After Werbaneth’s explanation, I queried both the attendees and the panel, where is 3D ICs on the hype cycle? The consensus is that 3D ICs are climbing out of the trough of disillusionment and starting the long, arduous climb up the slope of enlightenment. (I was slightly surprised by this – thinking we’re closer to the plateau of productivity based on the roadmaps of TSMC, Global Foundries and a number of the OSATS – but then again I tend to err on the side of optimism.) The key take-away from the Hype Cycle discussion is this: we’ve come to the point where real work is being done to overcome the remaining challenges of 3D ICs. We know that at some point, this technology will become critical to future needs, and therefore is well worth the investment to bring it to market.
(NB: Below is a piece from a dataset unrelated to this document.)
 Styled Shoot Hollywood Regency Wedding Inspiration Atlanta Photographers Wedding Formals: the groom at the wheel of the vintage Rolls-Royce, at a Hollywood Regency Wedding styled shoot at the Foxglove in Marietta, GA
The ensuing discussion focused mainly on two key questions posed by attendees. One was “Who do we need to convince to get this done?” Feldman provided his answer by describing a recent interaction he had with a colleague who works in a large data center. His (the data center guy’s) reaction to 3D ICs was that the technology seems great, but it’s nowhere near ready. He said they would never risk it until the reliability has been proven. This was a pretty significant encounter, in my opinion, since data centers have been pointed to as a key driver application to HVM. That was one strong dose of hype vs. reality.

However, I’m  not sure we fully answered the question: who do we need to convince? The chip designers? The OEM manufactures? The fabless companies? At some point, someone will have to pull the trigger to put this ball in motion.
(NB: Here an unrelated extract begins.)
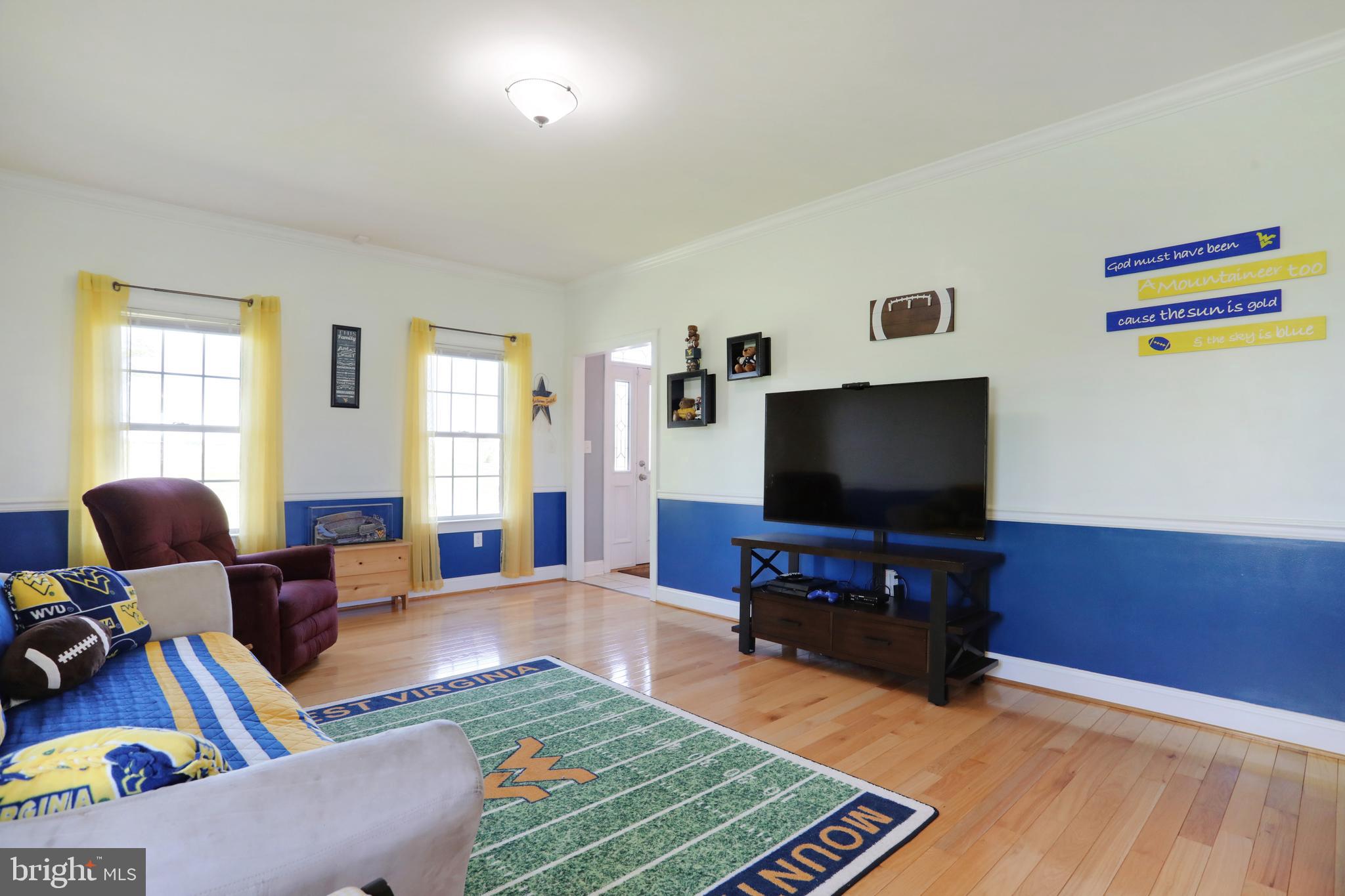 181 Co Rte 1/5 Falling Waters, WV 25419 - Photo 8 of 45 Family room; hardwood flooring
Another comment that garnered discussion was the need for capital infusion. Herb Reiter talked about recent discussions he’d had with Wall Street VC’s and how they are more interested in dumping money into social media start-ups than they are in 3D ICs at this point, because it’s a quick return on investment, while the 3D IC story lags on.

We also spent a good deal of time talking about the emerging supply chain models, and what we thought of TSMC’s intent to be the one stop shop. Here, Jan Vardaman and Herb Reiter disagreed. Vardaman has consistently voiced her concern about this model, and how since TSMC is not a memory manufacturer or supplier, its not going to be the preferred model for customers looking to manufacture wide I/O DRAM on logic devices. Reiter disagreed, and felt that many customers prefer TSMC’s approach because it takes care of the liability issue.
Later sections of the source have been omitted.